- [Problem details] Please write out exactly the line containing "Oriental Rugs from" below and every line after it, through the last one, but leave out any pictures.

Collection entries:
□ □ □
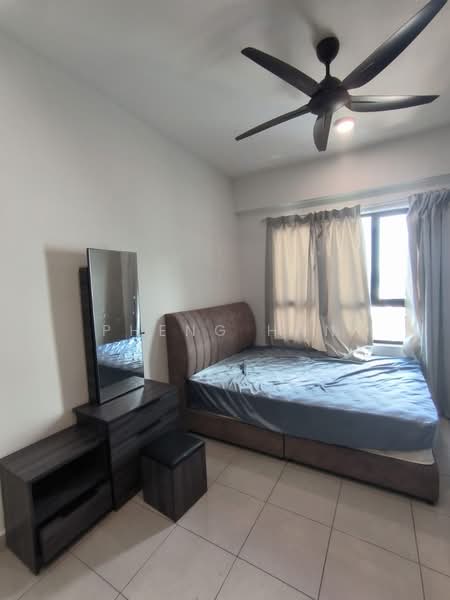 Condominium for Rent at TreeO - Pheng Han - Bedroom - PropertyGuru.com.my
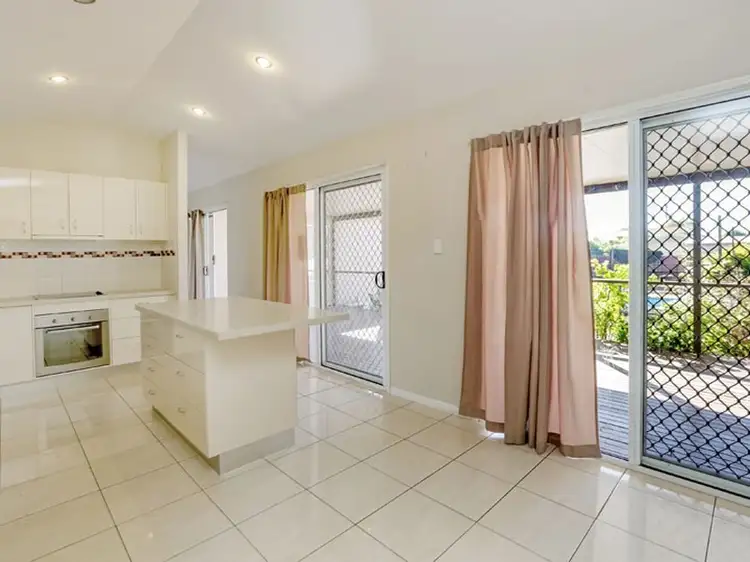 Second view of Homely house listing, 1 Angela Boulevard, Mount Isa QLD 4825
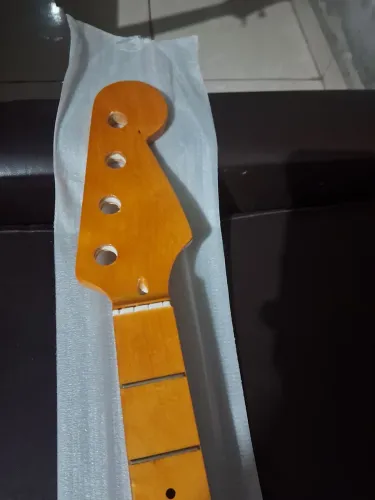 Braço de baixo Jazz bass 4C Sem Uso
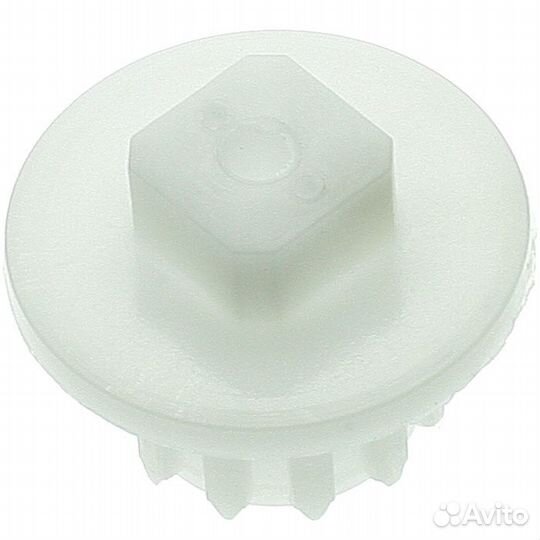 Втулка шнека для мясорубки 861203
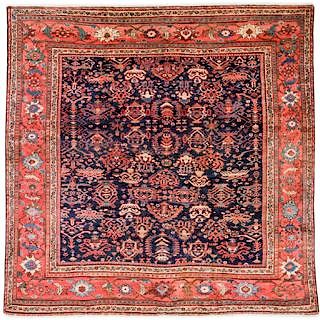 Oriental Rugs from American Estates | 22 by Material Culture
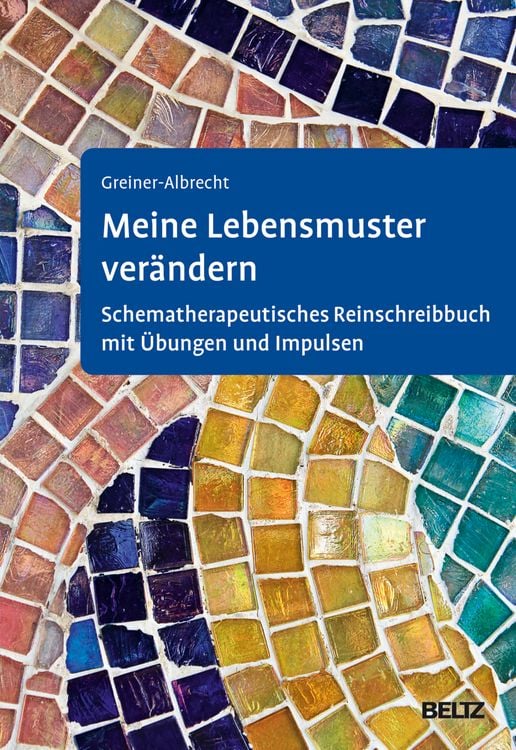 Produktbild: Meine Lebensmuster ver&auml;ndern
□ □ □
- [Result of the exercise]
 Oriental Rugs from American Estates | 22 by Material Culture
 Produktbild: Meine Lebensmuster ver&auml;ndern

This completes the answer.